Il redressa la tête, laissant son regard courir sur le tapis rouge qui séparait la salle du trône en deux. Son regard s'arrêta sur la ligne de soldats en face de lui. Une ligne identique à la sienne. En face de lui, au pied d'un soldat en armure, la princesse. Vêtue de la tunique lâche d'un beige usé des esclaves, elle était assise à genoux, la tête baissée. Elle répliquait exactement l'attitude soumise des esclaves et, pourtant, elle détonnait. Il était visible qu'elle appartenait à la royauté. C'était dans ses cheveux, sur sa peau, dans son port de tête....
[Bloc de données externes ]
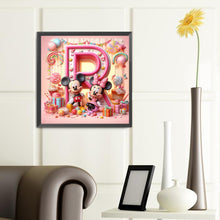 Load image into Gallery viewer, Diamond Painting - Full Round - Mickey and Minnie letters (40*40CM)
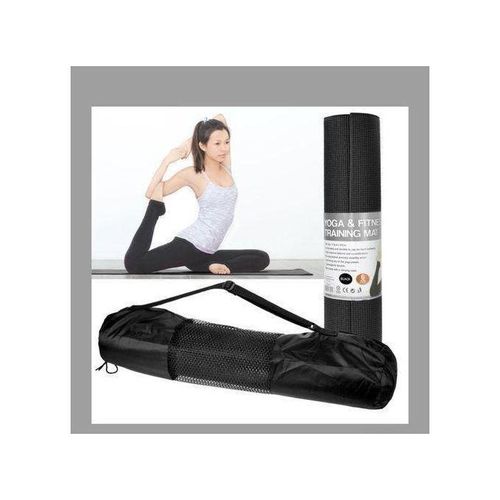 product_image_name-Generic-Thick Yoga Mat Non-Slip Exercise Mat With Carrying Bag (BLACK)-3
Dehors, le bruit des bottes résonna sur le sol en marbre du château. Il se rapprocha, de plus en plus fort. Il sentit ses épaules se raidir. C'était le moment pour lequel il se préparait depuis des mois. Il avait subi une préparation intense en vue de cet instant. Sa main partit vers son épée et se posa lâchement dessus. Autour de lui, les autres soldats firent de même. Les armures n'émirent aucun bruit.

Les portes s'ouvrirent violemment, bousculant les deux servants qui étaient censés les ouvrir. Une vingtaine d'hommes en armure pénétra dans la salle du trône. À leur tête, le prince de Isstad, le royaume du Nord, Alrek.

Il ne ressemblait pas à un prince. Pas de la façon dont il l'envisageait. Alrek d'Isstad ne portait pas d'armure. Il était vêtu de vêtements épais qui serraient son corps, marquant chaque courbe, chaque angle. Une lourde cape en peau traînait derrière lui. Il avait cette attitude et cette arrogance de tous les royaux, le menton relevé, le regard décidé, le pas alerte de vif.

Alrek d'Isstad était... différent. Il avait une peau d'une pâleur qui la rendait translucide, totalement dépourvue de la moindre trace de couleur. Cette blancheur de craie était relevée par la teinte sombre de sa tenue d'équitation. Ses cheveux étaient presque aussi pâles que sa peau, d'un blond frôlant le blanc. Ils étaient noués en un nombre impressionnant de tresses compliquées qui se rejoignaient une seule tresse épaisse qui descendait jusque dans le creux de ses reins. Même ses yeux paraissaient dépourvus de couleur avec leur nuance de gris léger, dilué.

Il s'arrêta au pied des marches menant aux trônes, son escorte armée derrière lui.

- Reine Elina, dit-il, la voix posée et douce, faussement respectueuse.

- Prince Alrek.

La froideur de la reine résonna dans toute la pièce. Elle demeurait respectueuse, comme il était de coutume dans la royauté. Cependant, il était évident qu'elle n'avait aucune envie de parler avec le jeune prince.

- Je suis ravi de voir que vous m'attendiez. Quel honneur pour moi d'être ainsi accueilli sur mon nouveau territoire.

- Ceramos n'est pas encore tombée, répliqua la reine.

- Je vous en prie. Vous savez aussi bien que moi que vous n'avez plus aucune chance. D'où tout ce... décorum.

La main frêle et gracile du prince engloba toute la pièce sans s'arrêter sur un endroit en particulier. Son regard ne lâcha pas la reine. Toutefois, Vestar savait que le prince ne manquerait aucun mouvement dans la pièce.